● **Prompt**
Only the lines in the entries below from the line with "Ariat Rebar DuraCanvas" to the line with "Opens in a new window or", both included, belong in the answer, transcribed exactly and without pictures.

● **Data shown**
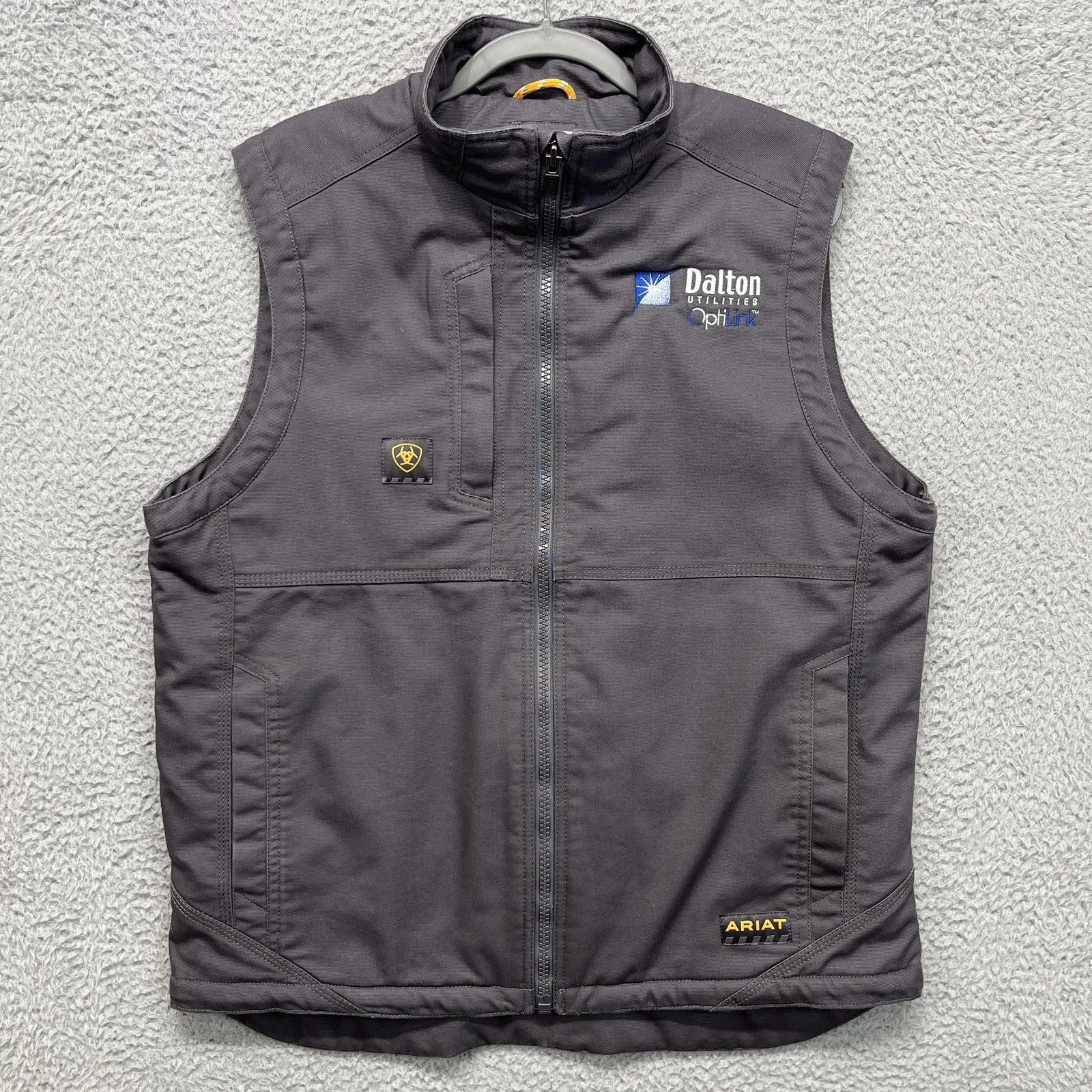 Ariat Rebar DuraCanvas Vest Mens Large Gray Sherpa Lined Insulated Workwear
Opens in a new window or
--
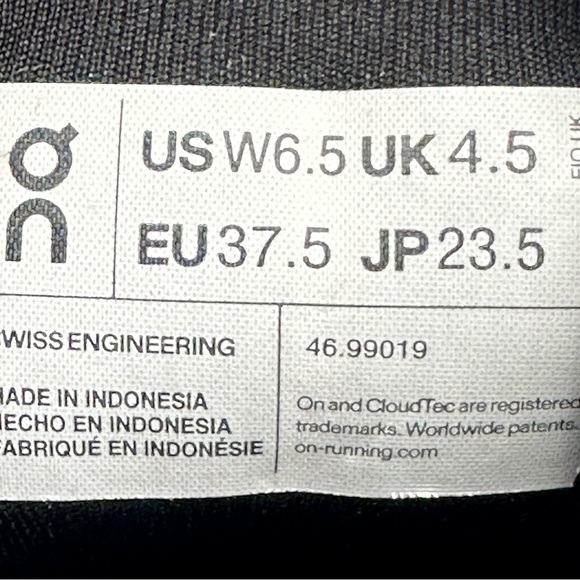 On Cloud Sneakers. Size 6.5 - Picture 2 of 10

● **Reply**
 Ariat Rebar DuraCanvas Vest Mens Large Gray Sherpa Lined Insulated Workwear
Opens in a new window or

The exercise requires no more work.